A pond measuring a depth of four to five feet is most favorable for your koi's health and survival for a number of reasons. In shallow ponds, the water temperature fluctuates more with climate changes. If the water gets too warm, the temperature can jeopardize your koi's health. Koi are a part of the carp family and are coldwater fish. It takes longer for temperatures to rise in deeper ponds with larger capacities of water. A deeper pond cultivates your koi's health and development by allowing them to exercise properly with longer swimming distances up and down. In an outdoor environment, a pond's depth is instrumental to your koi's survival. Three feet deep is the minimum height for protection against predators, i.e., raccoons, coyotes, cranes, and egrets.

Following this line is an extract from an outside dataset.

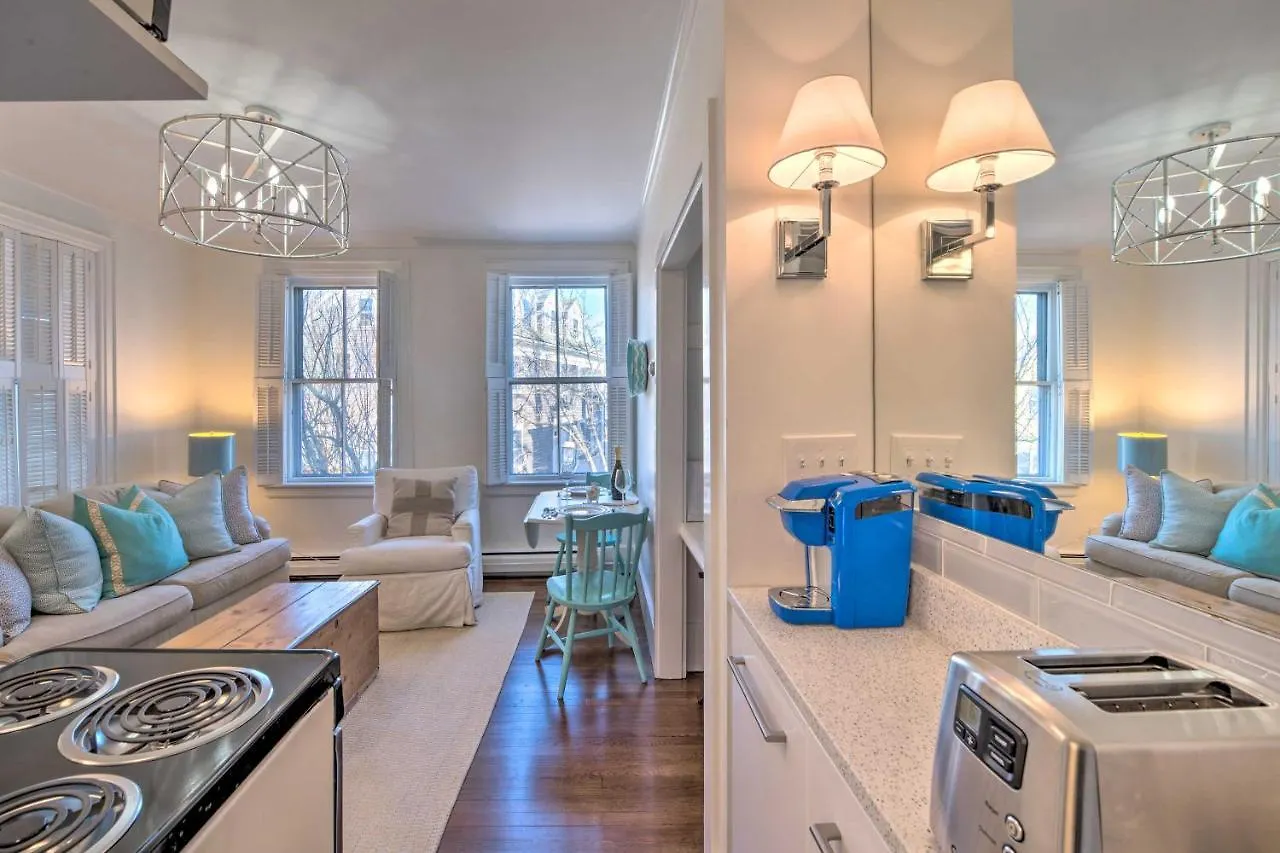 Couples Retreat In Walk To Attractions! * Nantucket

Koi's prefer longer ponds to shorter round ponds. The pond's length is critical to the koi's health, promoting proper growth for the fish, and providing them with the appropriate space to exercise. A 6" to 8" long koi, can reach a moderate size of 2 feet long and upwards in length in 3 years, depending on the amount of food and how frequent you feed them.
The greater the volume (gallons of water) of your pond, the easier it is to keep the water temperature stable and healthy for your koi. Volume also applies to the stocking rate (number of fish per gallon of water). To promote a healthy environment, it is important not to overcrowd your pond with fish. Volume is the determining factor when deciding on the amount of fish you wish to keep.